- [Your goal]: Please print exactly the lines from the line containing "美丽的天空视图图片下载" through the end of the data, no more, and keep pictures out of the copy.

- [Study material]:

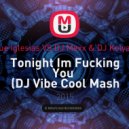 Enrique Iglesias vs. DJ Mexx & DJ Kolya Funk - Tonight Im Fucking You (DJ Vibe Cool Mash UP)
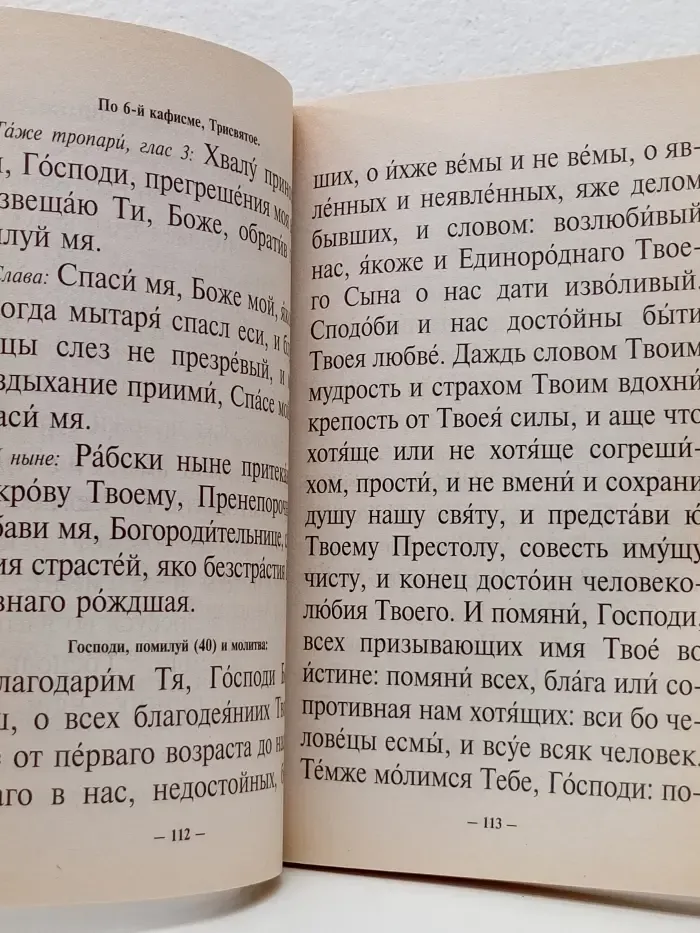 Псалтирь святого пророка и царя Давида. Крупным шрифтом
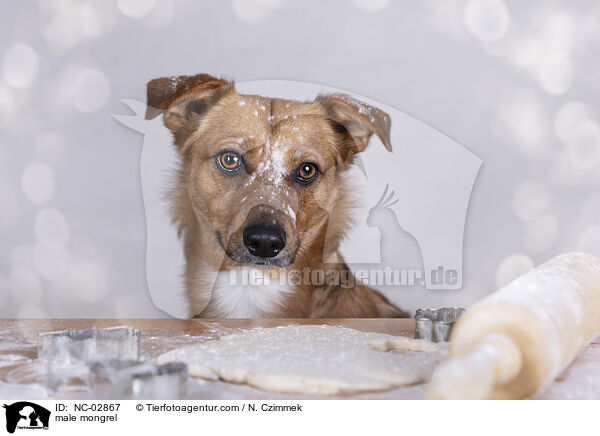 Mischling Rde / male mongrel / NC-02867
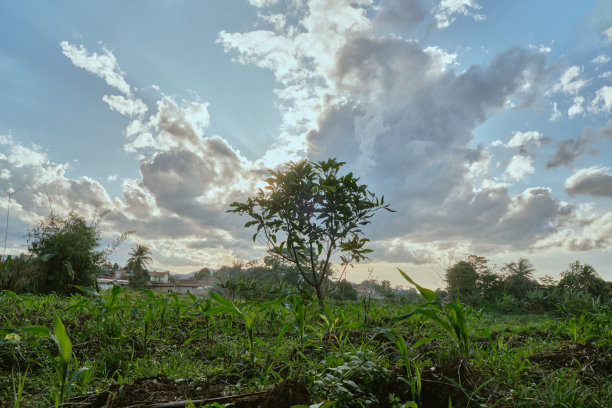 美丽的天空视图图片下载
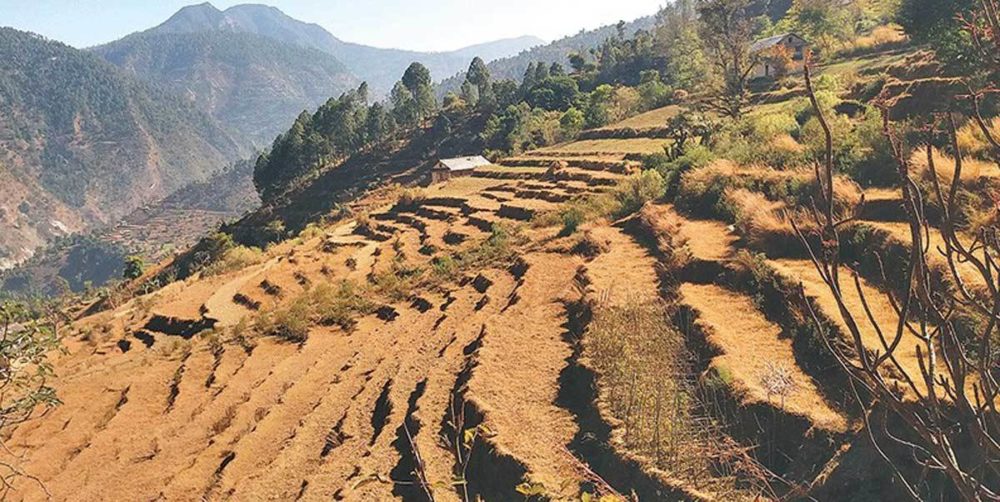 इलाममा जग्गा माग गर्दै १६ हजार निवेदन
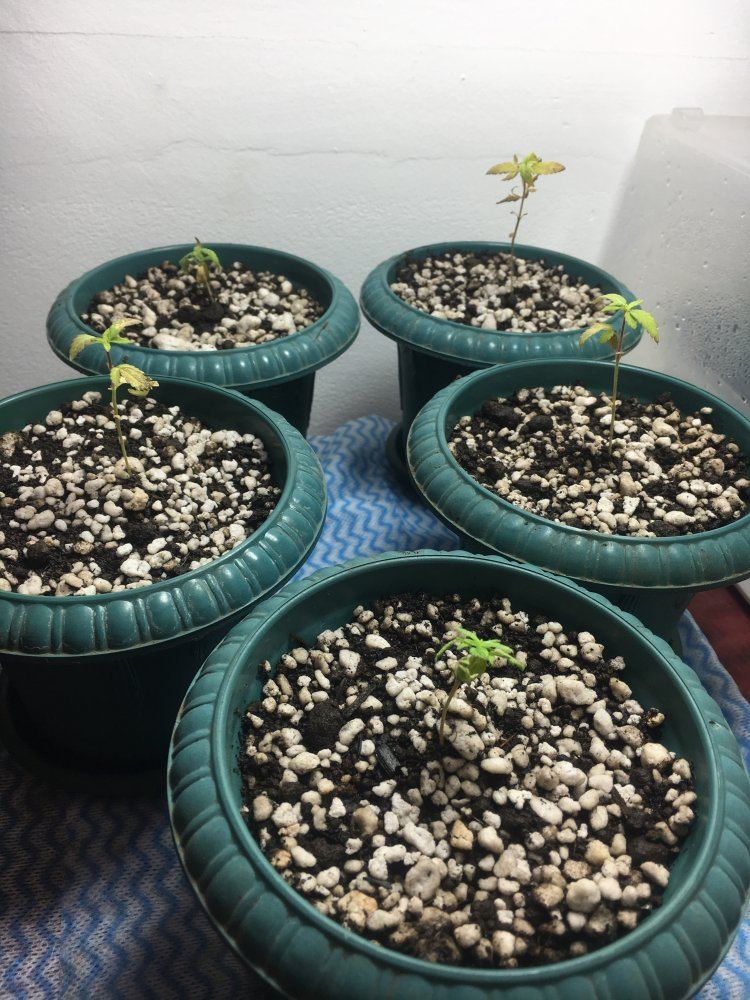 Update on stressed seedlings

- [Exercise answer]:
 美丽的天空视图图片下载
 इलाममा जग्गा माग गर्दै १६ हजार निवेदन
 Update on stressed seedlings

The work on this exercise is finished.